Now as this new source of economic growth expands throughout the economy, it is going to need foundations: rules of the marketplace that are consistent with its needs, and resources to fuel its development. The right government policies become important--or at least the wrong government policies become significant obstacles.
Two historical examples. First, Swift's and Armour's idea of a little more than a century ago: mass-slaughter beef in Chicago, ship it dressed to Boston, and undercut local small-scale Boston-area slaughterhouses by a third at the butchershop. A very good business plan, unless the Massachusetts legislature required--for "health" and "safety"--that meat sold in Massachusetts be inspected live and on the hoof by a Massachusetts meat inspector before slaughter. Without the right rules--federal preemption of state health and safety regulation affecting interstate commerce--it doesn't work.

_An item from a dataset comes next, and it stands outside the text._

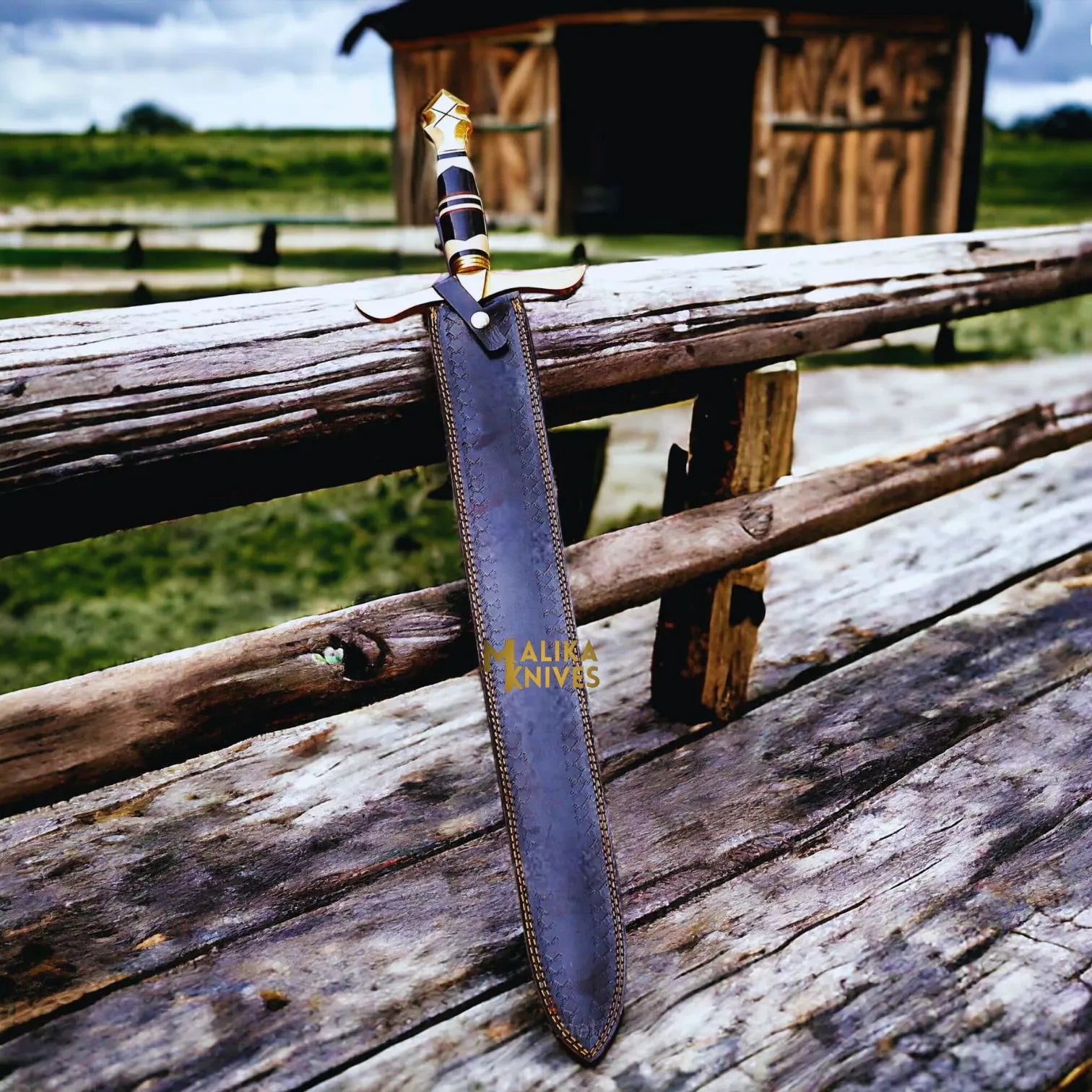 MALIKA KNIVES simple Damascus Battle Medieval sword with Leather sheath-908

And the new source of economic growth cannot flourish without the right resources. Manchester in England was the center of the industrial revolution. But who noticed that the British government wasn't building schools for the children of Manchester's factory workers? By the end of the nineteenth century the lack of a well-schooled workforce in Britain meant that the post-steam-engine technologies of electricity, metallurgy, and chemistry moved to Germany--where investments in schools had been made. And Britain entered its half-the-twentieth-century death struggle with anti-democratic German regimes with its large initial edge in technology and productivity already squandered because politicians hadn't provided the right resources to support rapid industrial growth.
And as we sketch out our clear and coherent framework, we also need to make sure that the phrase "new economy"--or whatever shorthand we ultimately rely on--means what we want it to mean in the modern political debate. All kinds of people are using the phrase "new economy" to mean things that we do not believe in--and that are probably false: that there will never be another recession, or another bear market.

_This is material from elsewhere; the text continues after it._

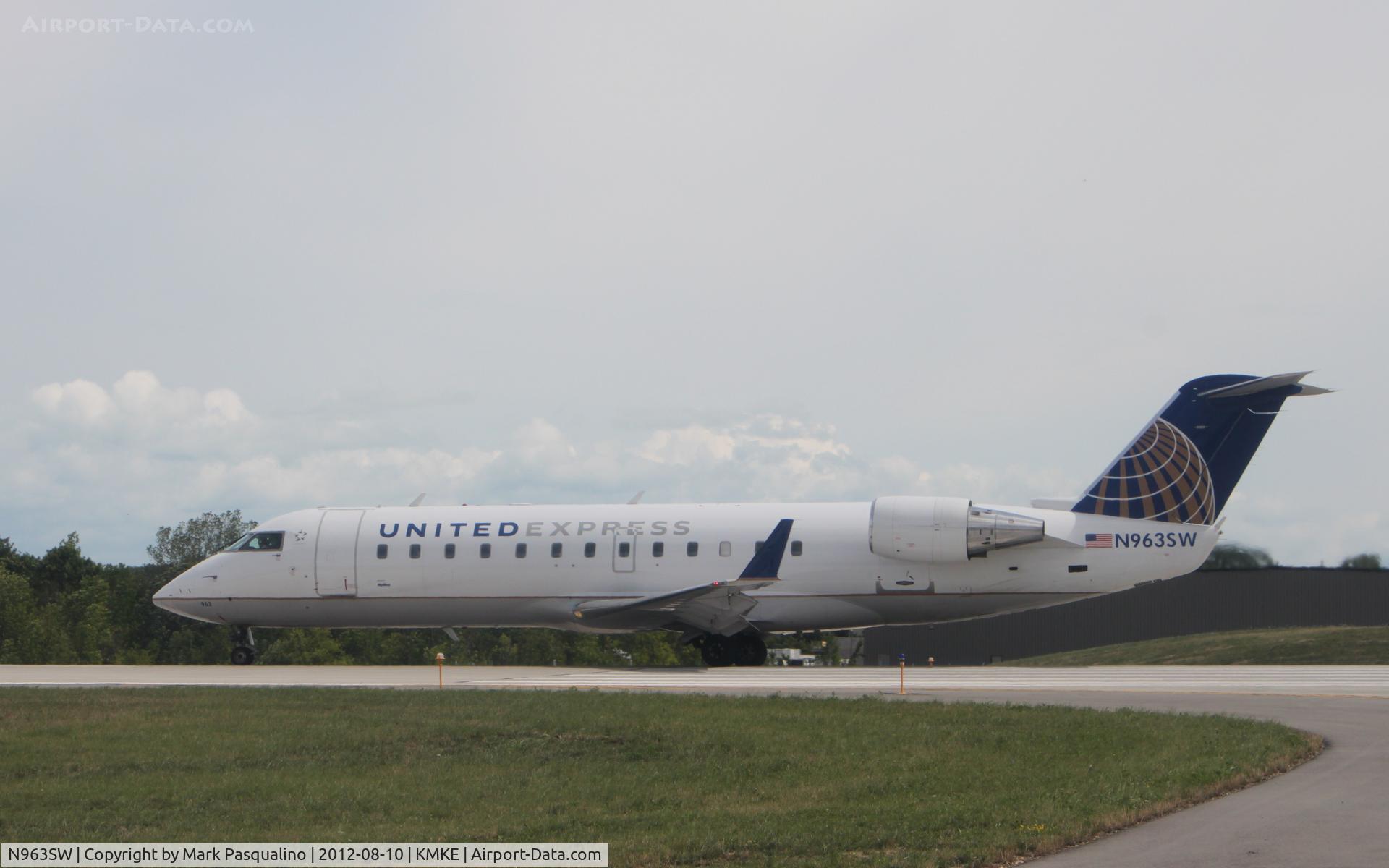 N963SW, 2003 Bombardier CRJ-200LR (CL-600-2B19) C/N 7865, CL-600-2B19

Our framework also needs to highlight that this techno-economic revolution has--so far--proven to be overwhelmingly an American one. The entrepreneurial, risk-loving, independence-rewarding culture of the Americas has proven vastly more effective at sparking innovation and driving through to success than the cultures--loyalty-rewarding, consensus-loving, organization-building--abroad. A decade and a half ago many of us saw as mounting a serious and significant challenge to the United States's role as the leading edge of world technological development.
And our framework needs to highlight that this revolutin will not stay all-American forever, is not staying all-American now. Is it Jeff Sachs or Michael Porter who rates Finland as the most entrepreneurial country in the world? And how will Finnish wireless innovation build on its recent success? What competitive advantages does the European wireless standard offer?
Preserving the benefits of the network and a level playing field for U.S. innovators in a world in which national rules can have subtle effects and other governments have strong attachments to national standards may prove difficult.
If we do a good job at laying out this framework--and if it does get taken up--then it will help shape the policy debate in constructive directions.
But let me turn that topic back over to John.